Ce fut devant une pile de parchemins que Yuliya fêta son onzième anniversaire. La fragile et triste petite rousse avait bien grandi et beaucoup voyagé. Arrivés en Savoie, les marchands qui l’avaient emmenée loin de chez elle la confièrent à d’autres marchands selon les indications qu’on leur avait donnés. Elle ne resta parmi eux qu’un temps, avant de rejoindre la Provence en leur compagnie pour y être recueillie par une famille de condition modeste.

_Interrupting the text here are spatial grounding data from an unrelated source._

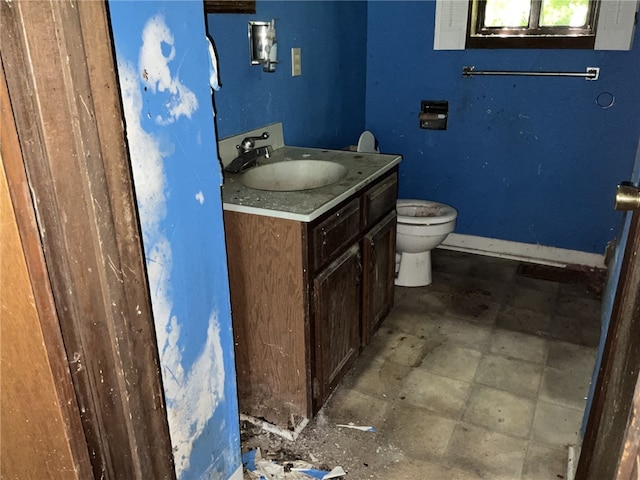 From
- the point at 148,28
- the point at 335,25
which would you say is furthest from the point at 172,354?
the point at 335,25

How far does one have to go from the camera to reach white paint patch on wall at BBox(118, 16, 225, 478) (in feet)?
3.39

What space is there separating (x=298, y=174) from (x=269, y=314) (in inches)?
25.6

Une famille qui avait déjà des enfants et peu d’amour à offrir à une petite étrangère qui parlait peu, souvent repliée sur elle-même. On la nourrissait, la soignait du mieux qu’on pouvait quand elle tombait malade, on lui donnait une vie correcte, mais pas l’essentiel. Deux ans plus tard, Yuliya était laissée dans un petit orphelinat de la province. Les conditions de vie y étaient désastreuses, si bien que personne n’osait s’y rendre pour y adopter, de peur que l’enfant ne soit violent ou mal élevé. La rouquine y resta trois ans, étonnamment épargnée par les mauvais traitements grâce à son attitude généralement calme si l’on exceptait les quelques bêtises qu’elle faisait comme tous les enfants de son âge. Trois années durant lesquelles Yuliya développa une finesse dans son esprit et dans sa façon d’être, trois années à préparer le jour où elle quitterait l’orphelinat pour se débrouiller seule. Neuf ans à peine et sa première échappée.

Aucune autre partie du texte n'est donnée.